RECORDS FOR THIS EXERCISE:
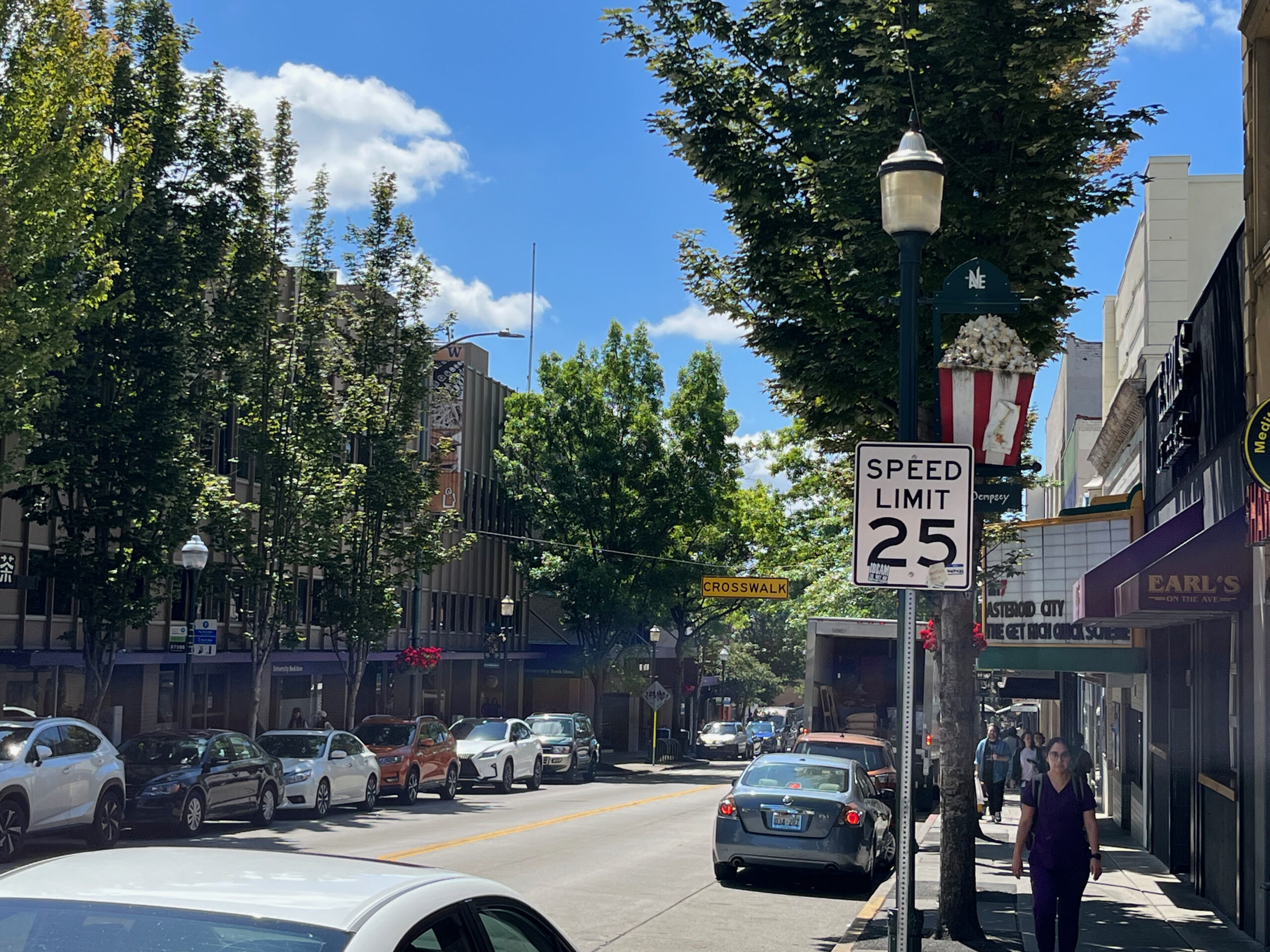 A view of down the street and sidewalk of the Ave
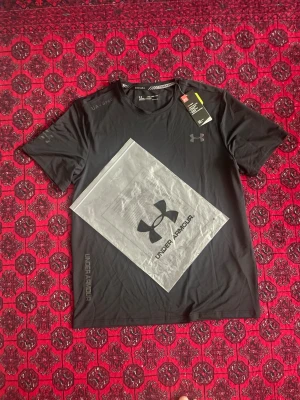 Svart Under Armour t-shirt - Snygg svart t-shirt från Under Armour med färgglad logga på bröstet och tryckt text på axeln och sidan. Perfekt för träning eller chill. Tillverkad i ett lätt och snabbtorkande material som känns skönt mot huden. Klassisk passform och rund hals.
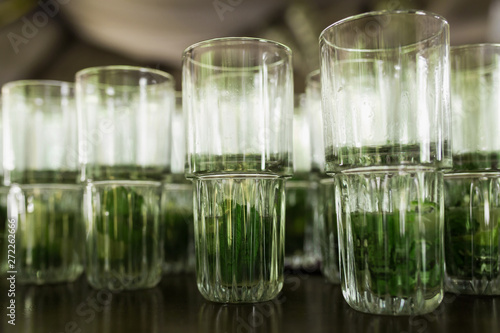A lot of cocktails at the bar at the wedding party. Glasses with mojito with a slice of lemon and mint close up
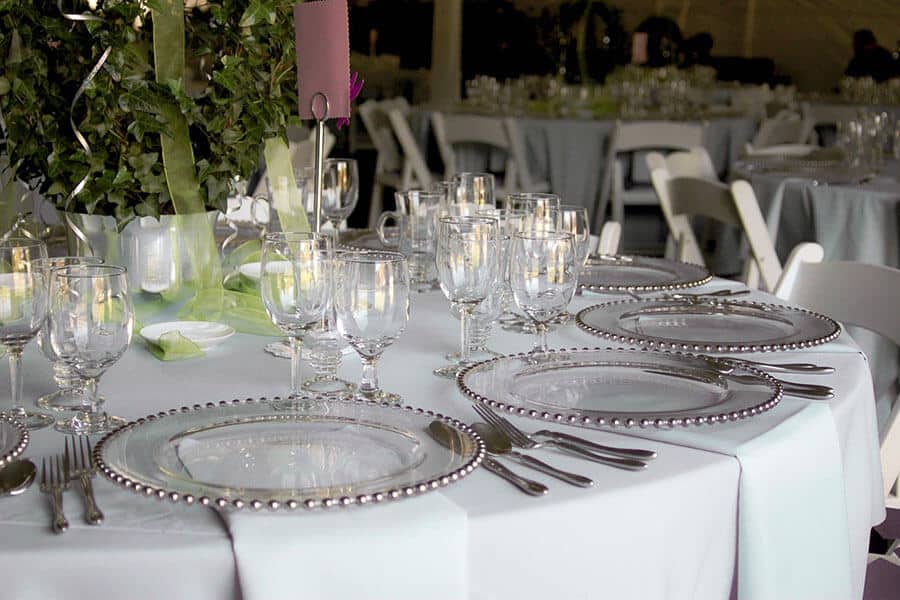 formal round table setting with white tablecloth and napkins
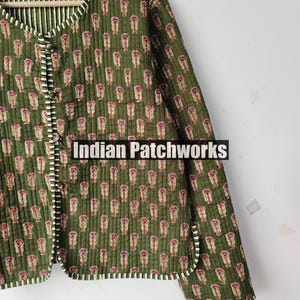 May include: Olive green quilted jacket with a repeating floral pattern in pink and beige. The jacket has a striped lining and trim. The text "Indian Patchworks" is displayed on the bottom of the image. The jacket is buttoned up.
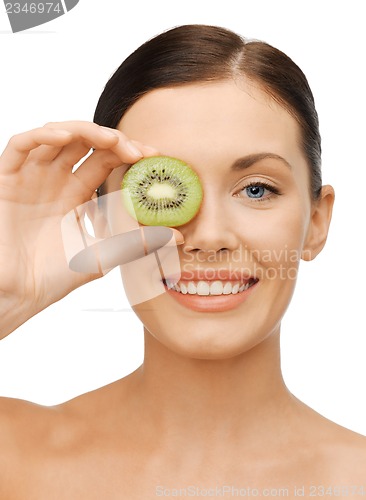 Image of woman with kiwi slice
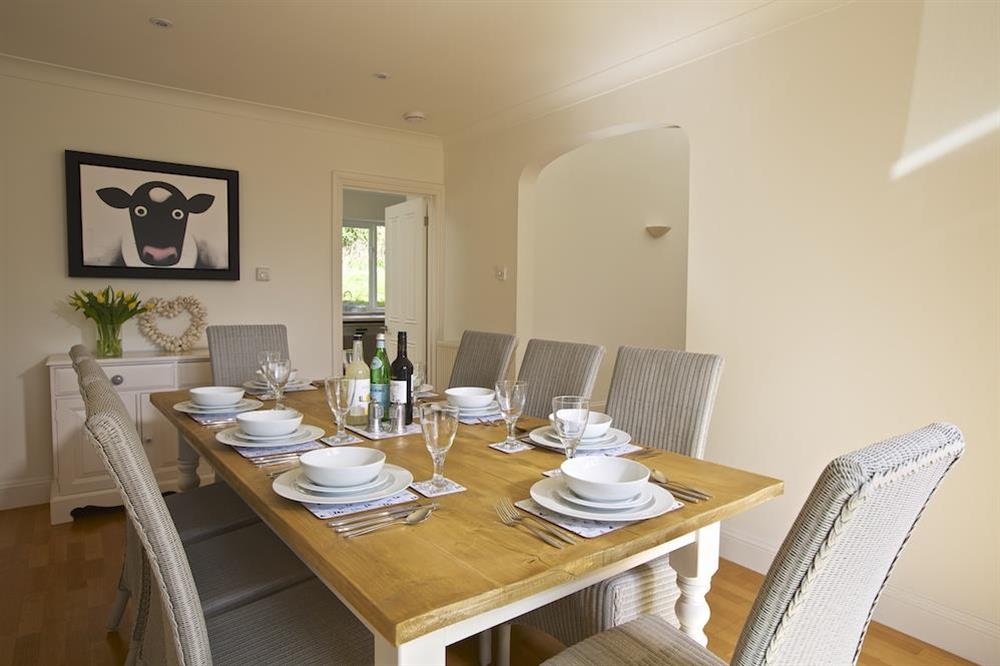 Dining room furnished with a large table and set of eight chairs at Spindrift in , Thurlestone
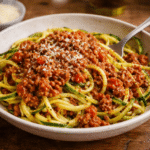 Bezglutenowe spaghetti bolognese z makaronem z cukinii, podane na białym talerzu z sosem pomidorowo-mięsnym i startym parmezanem.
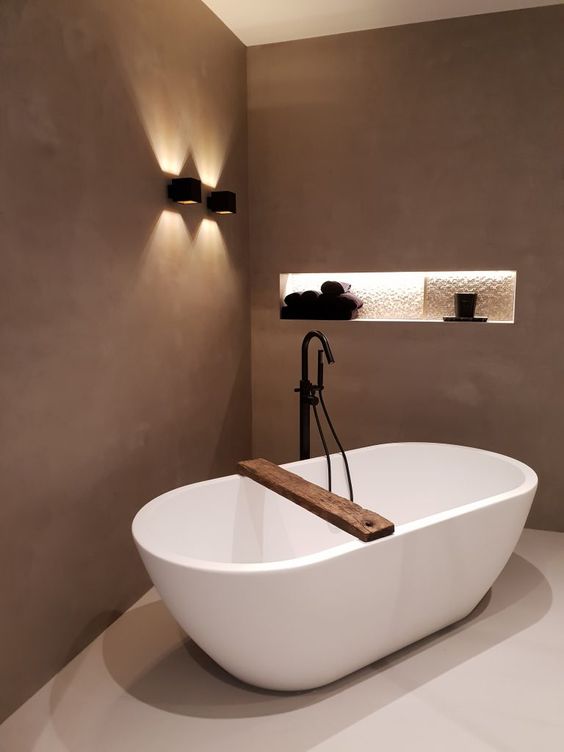 a minimalist taupe bathroom with a chic oval tub, a niche for storage and black fixtures for a more modern feel is a lovely space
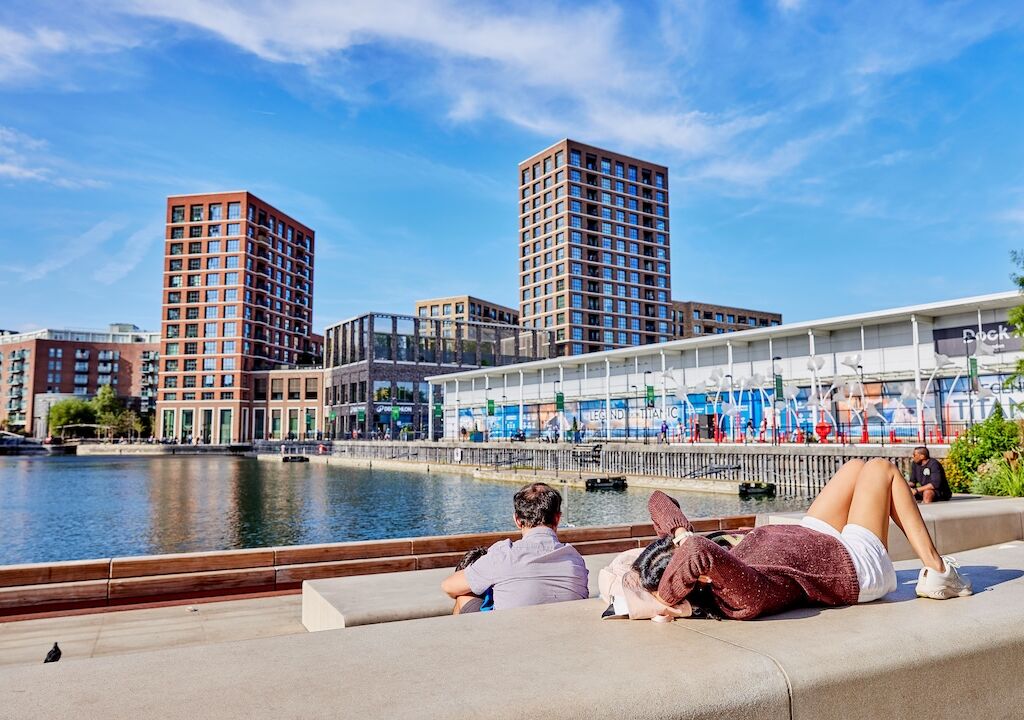 People relaxing on the dockside at Dockside Canada Water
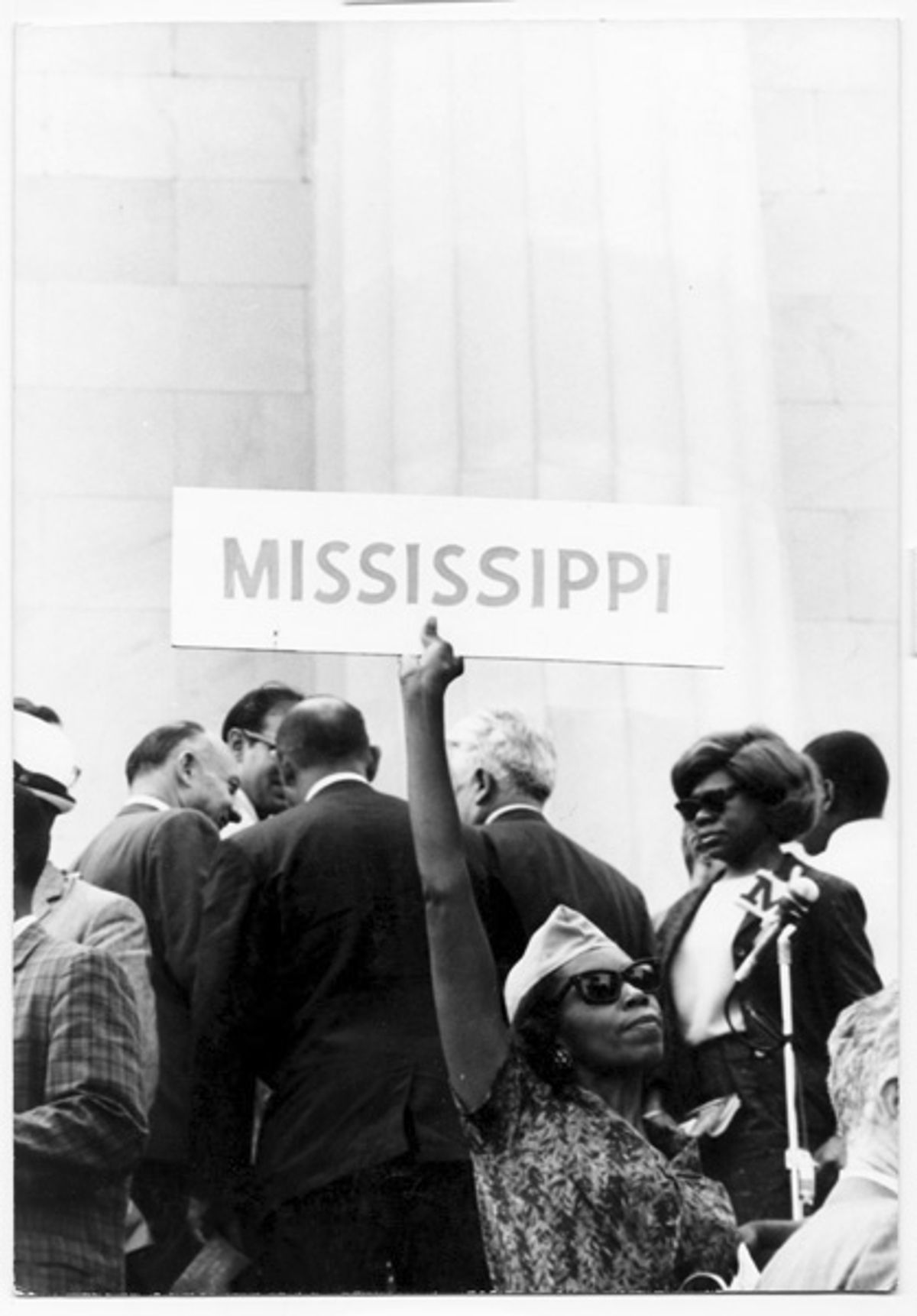 Young woman holding up a sign, "Mississippi"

EXERCISE AIM: Leave the pictures out and retype only the lines from the line with "formal round table" through the final line of the material, both ends included, word for word.

RESPONSE:
 formal round table setting with white tablecloth and napkins
 May include: Olive green quilted jacket with a repeating floral pattern in pink and beige. The jacket has a striped lining and trim. The text "Indian Patchworks" is displayed on the bottom of the image. The jacket is buttoned up.
 Image of woman with kiwi slice
 Dining room furnished with a large table and set of eight chairs at Spindrift in , Thurlestone
 Bezglutenowe spaghetti bolognese z makaronem z cukinii, podane na białym talerzu z sosem pomidorowo-mięsnym i startym parmezanem.
 a minimalist taupe bathroom with a chic oval tub, a niche for storage and black fixtures for a more modern feel is a lovely space
 People relaxing on the dockside at Dockside Canada Water
 Young woman holding up a sign, "Mississippi"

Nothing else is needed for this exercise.